Inmates in the Elkton, Ohio, federal prison strip down old computers, salvaging valuable bits of gold and platinum, Fortune magazine reports. Prisoners clad in protective suits hammer at monitor screens and cathode tubes, the smashed glass destined for sale to reprocessors. Computer recycling is difficult, labor-intensive work; Elkton gets business from government agencies and schools because it can compete with Third World wages. Other state and federal prisons have gone into business, making products for companies like Home Depot and Lowe’s.

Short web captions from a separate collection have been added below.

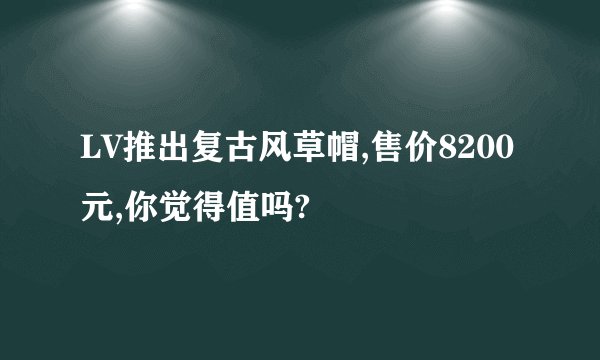 LV推出复古风草帽,售价8200元,你觉得值吗?
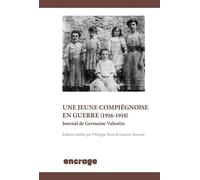 Les Exils d'une jeune Compiégnoise (1918-1920) Journal de Germaine Valentin - Laurent Roussel - Encrage - broché - Essai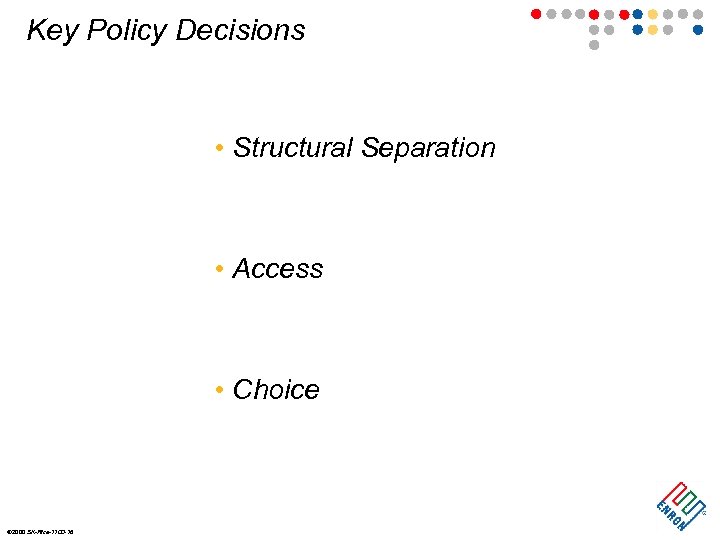 Key Policy Decisions • Structural Separation • Access • Choice ã 2000 SK-Rice-1100 -16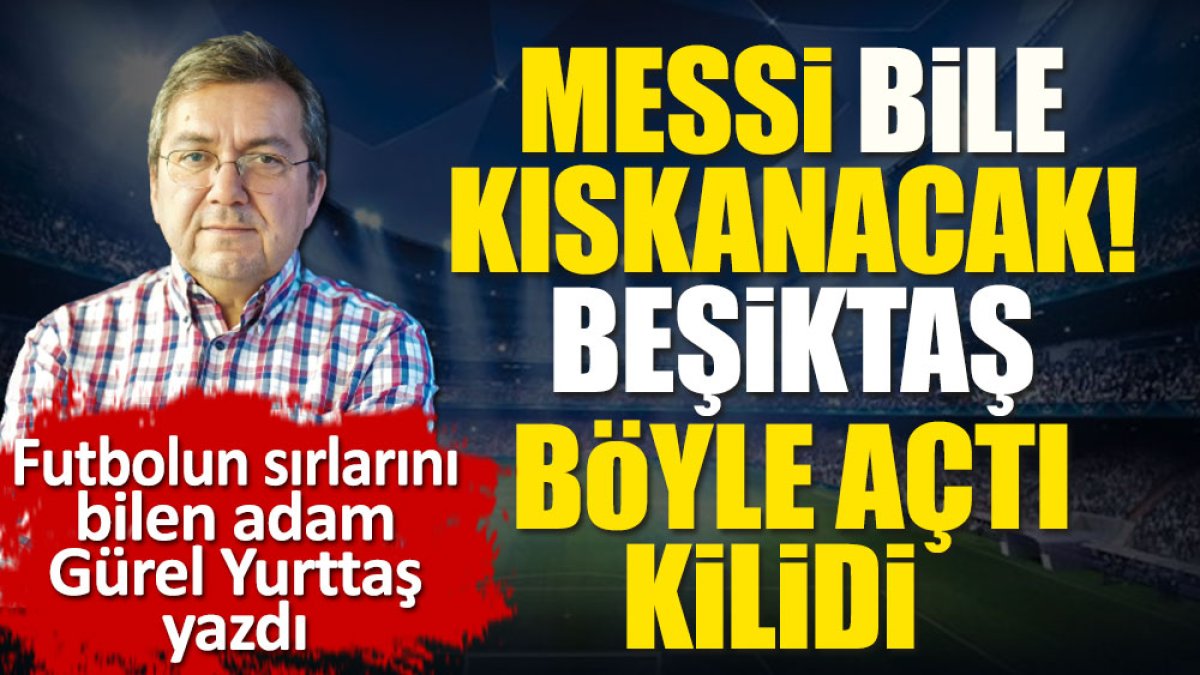 Messi bile kıskanacak! Beşiktaş böyle açtı Kayserispor kilidini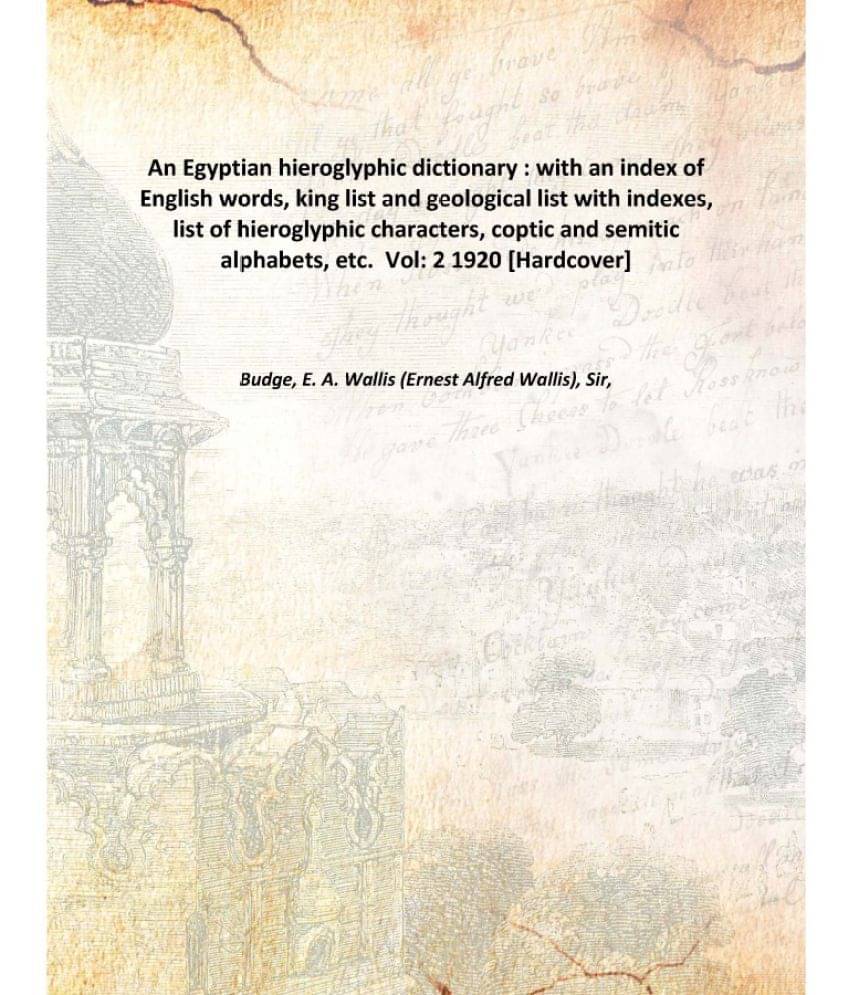    			An Egyptian hieroglyphic dictionary With an index of English words king list and geological list with indexes list of hierogl..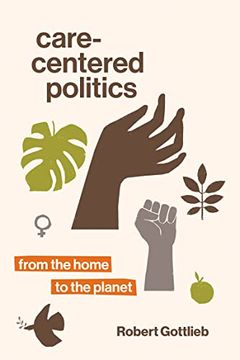 portada Care-Centered Politics: From the Home to the Planet (en Inglés)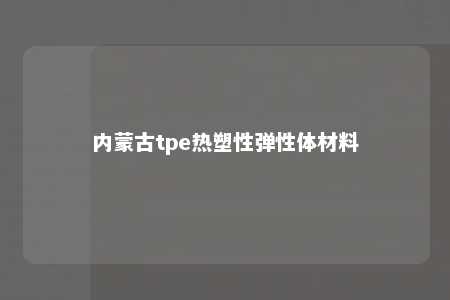 内蒙古tpe热塑性弹性体材料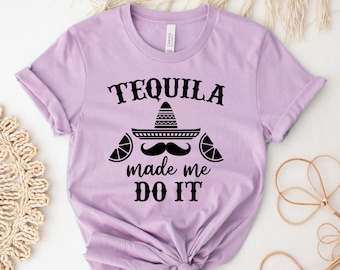 Tequila Made Me Do It T-shirt, Tequila Shirt, Tequila Lover Gift, Drinking T-shirts, Mothers Day Tee, Beer T-shirts, Tequila Time Tee
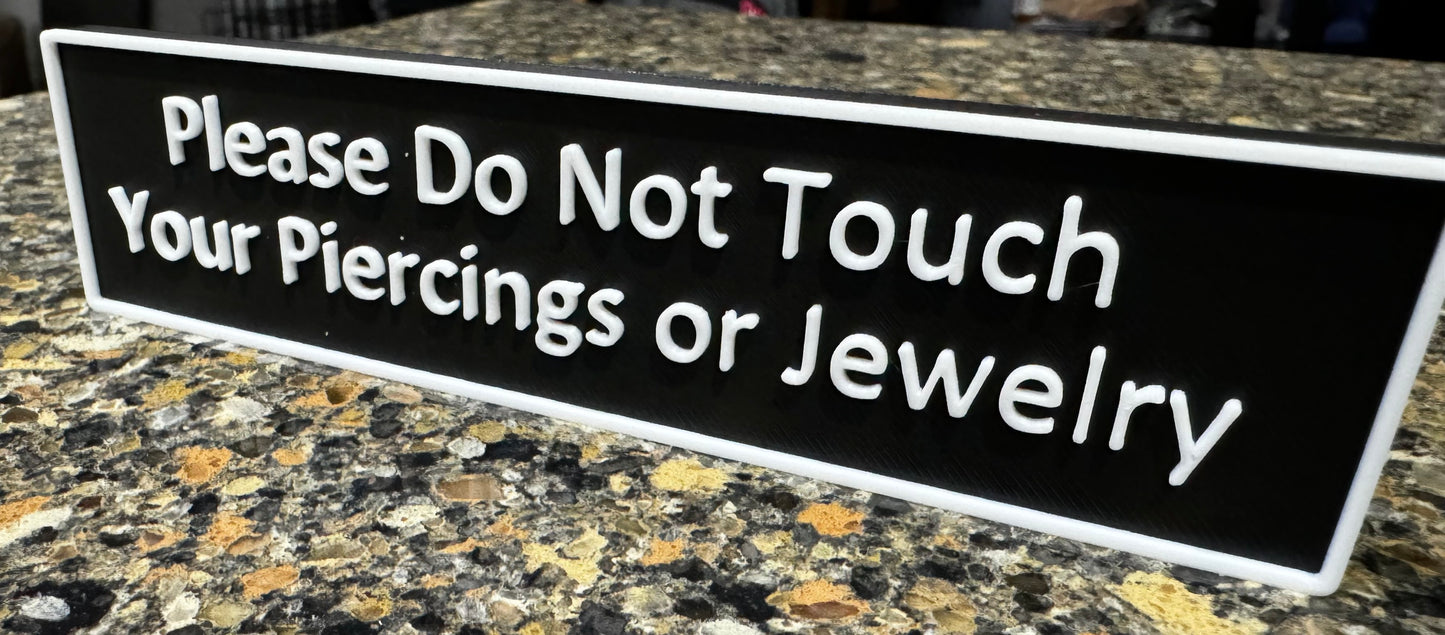 “Don’t Touch Your Jewelry…” Plaque/Sign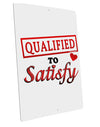 Qualified To Satisfy Large Aluminum Sign 12 x 18&#x22; - Portrait-Aluminum Sign-TooLoud-12x18"-Davson Sales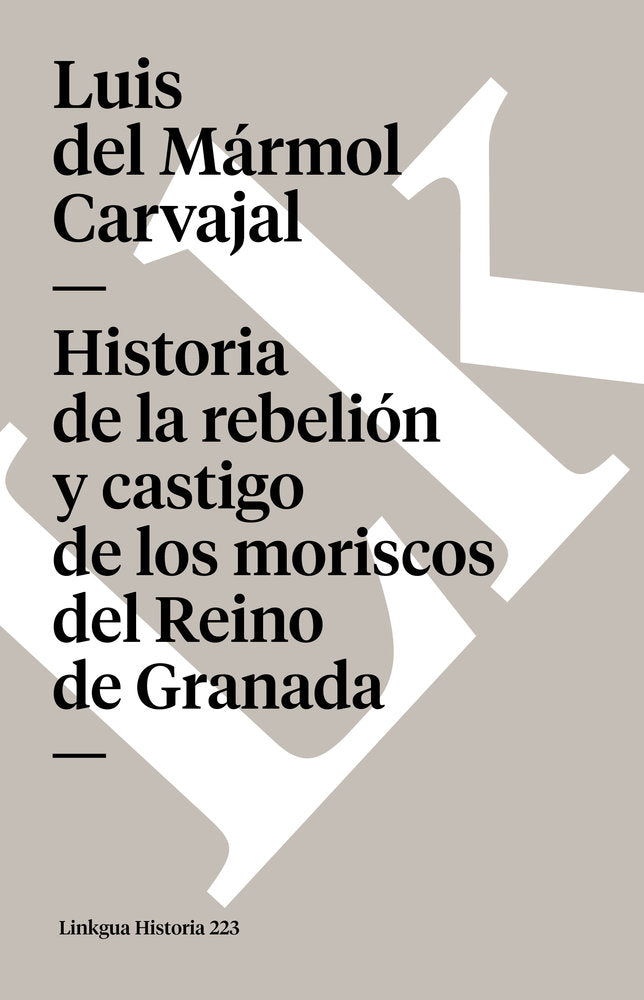 Rebelión y castigo de los moriscos, de del Mármol y Carvajal, Luis | portada del libro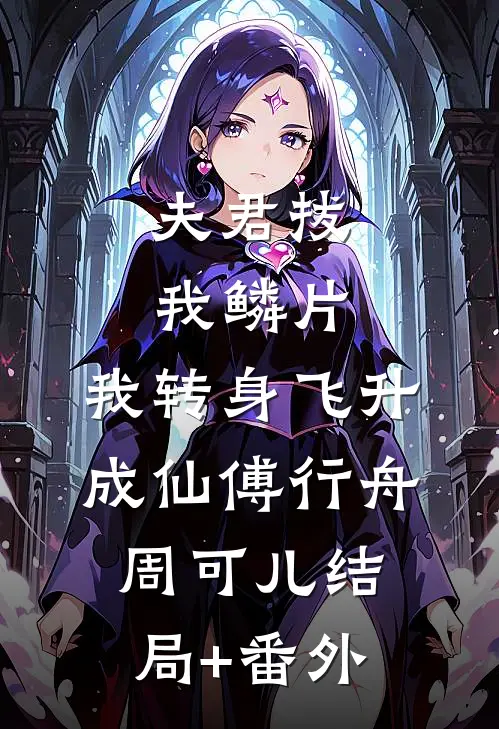 夫君拔我鳞片，我转身飞升成仙傅行舟周可儿结局+番外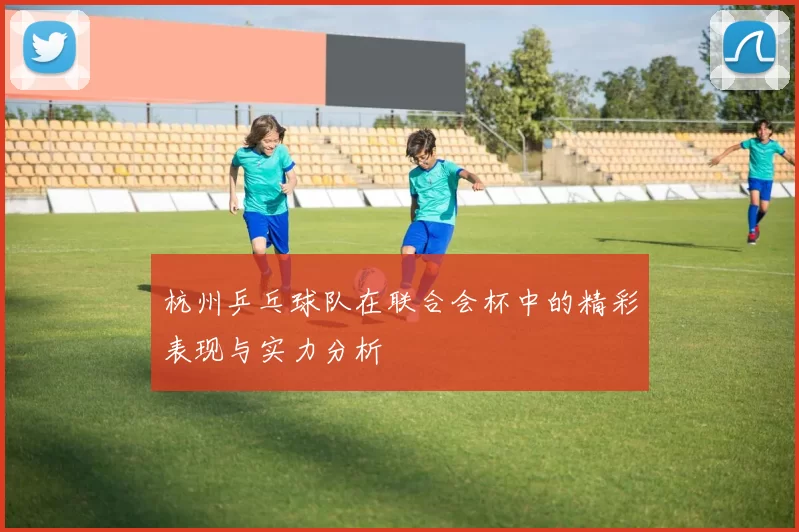 杭州乒乓球队在联合会杯中的精彩表现与实力分析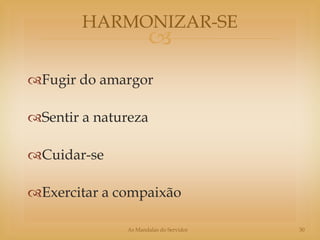 HARMONIZAR-SE
                     
Fugir do amargor

Sentir a natureza

Cuidar-se

Exercitar a compaixão

              As Mandalas do Servidor   30
 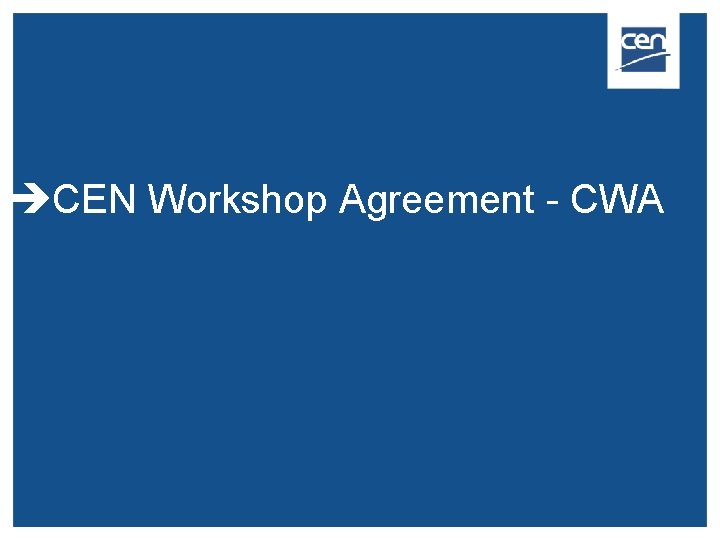  CEN Workshop Agreement - CWA 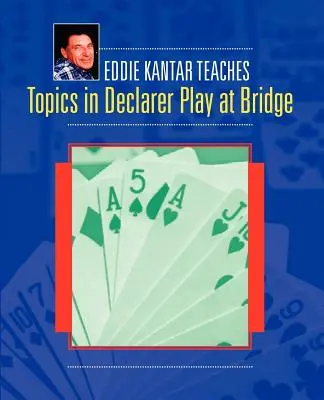 Themen zum Declarer-Spiel beim Bridge - Topics in Declarer Play at Bridge
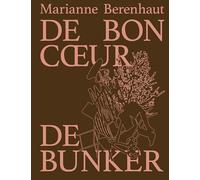 De Bon Coeur / De Bunker /franCais/anglais/allemand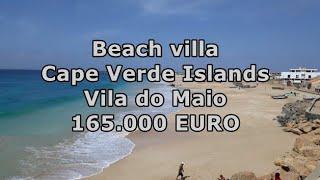 Beach villa - Cape Verde Islands - Vila do Maio - 165.000 EURO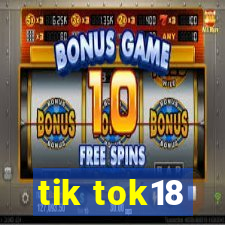 tik tok18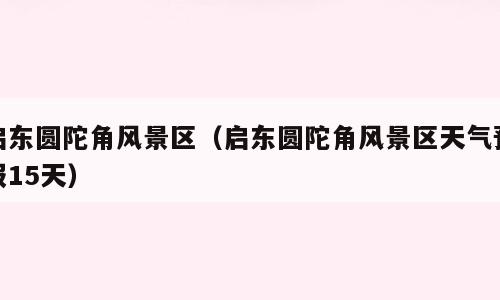 启东圆陀角风景区（启东圆陀角风景区天气预报15天）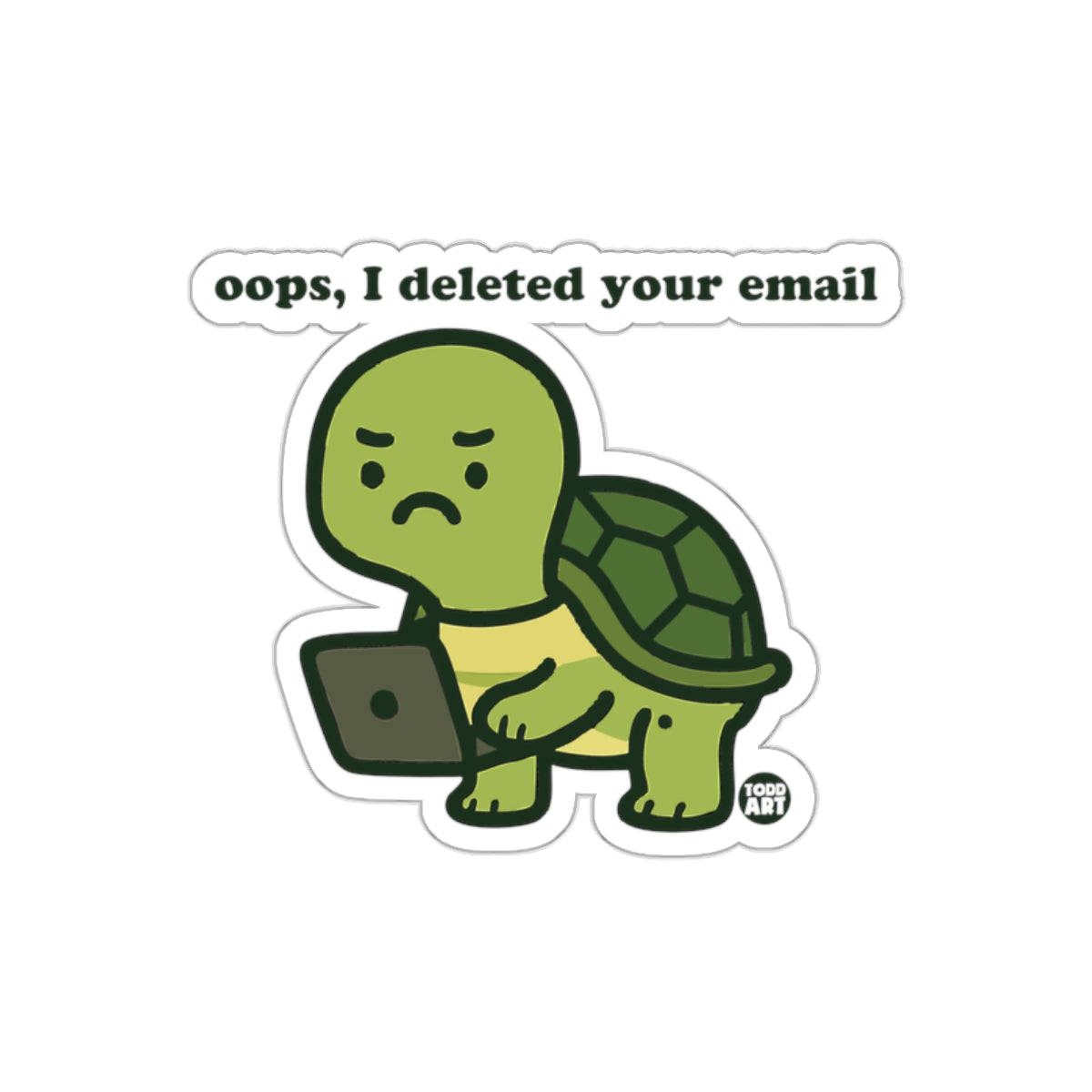 Oops I Deleted Your Email Funny Turtle Sticker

Cash-strapped state governments are struggling to cover the annual cost of incarceration, which has swelled to $40 billion, and to find enough work to keep prisoners occupied. Led by Edwin Meese, former U.S. Attorney General now at the Heritage Foundation, and Morgan Reynolds, one of the first President Bush’s economic advisors, conservataives have lobbied for real prison employment by the private sector–not just make-work projects like stamping license plates or building courthouse furniture. Businesses get cheap, reliable workers; inmates receive valuable job training and earn more than they would in traditional prison jobs; and the government offsets the cost of incarceration and keeps jobs and tax dollars in the U.S.
The number of inmates employed by the private sector is still small: 10,000 working for about 250 companies. But that is up significantly from a mere handful ten years ago. Meese estimates that companies could easily employ ten to 20 times as many inmate workers.
While some companies have embraced prison labor, others are reluctant. Dell canceled a contract with Federal Prison Industries after an environmental group’s charge that the prison operation was a “poor example of worker health and safety.”